According to Floyd (1984), exploratory prototyping uses machine learning and deep learning. Both approaches are based on the same data corpus, determined and acquired based on the criteria mentioned in Chap. 3 within the available literature sources. Among others, the minimum audio length of one second and the maximum length of 20 seconds are mentioned as conditions. The minimum size of one second is justified because speech or audio files below this duration generally do not contain useful information. On the other hand, the maximum length of 20 seconds is arbitrarily chosen. A total time of 10, 15, or 30 seconds would also have been conceivable. It is questionable, however, whether a different selection of audio databases would have taken place if this criterion had been changed since, as shown in Fig. 4, the majority of the audio files have a duration of fewer than 10 seconds. Another criterion is the restriction to spoken sentences. Since the goal of the prototypes is SER and not audio classification, the audio files must consequently contain speech. Pieces of music do include speech, but this is interfered with by the accompanying instruments.

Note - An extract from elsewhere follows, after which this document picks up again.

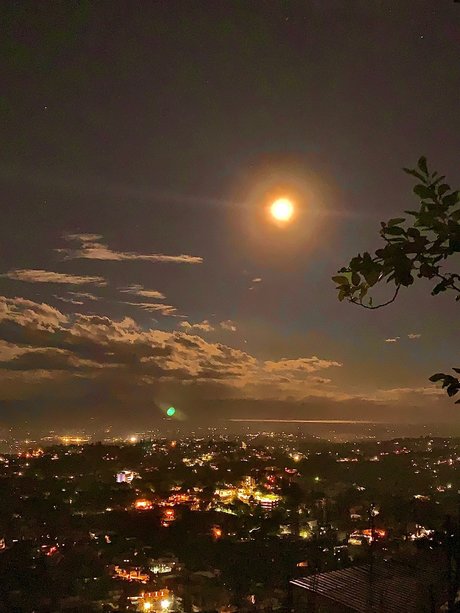 PBXDICKSLANGER kunst freie bilder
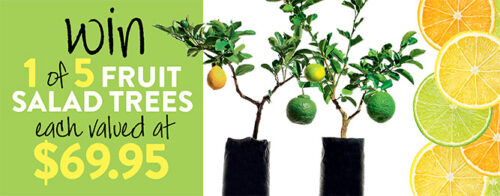 Win a fruit salad tree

Furthermore, emotion recognition in music is not part of this work but is a suggestion for further research. Nevertheless, there is the possibility to look at audio files, including background noise, because, in real situations, communication and, thus, speech does not take place in silence but in noisy environments. In contrast to music, background noises are not in the foreground but in the background. Therefore, it would be an enrichment to include additional databases with such audio data in the research.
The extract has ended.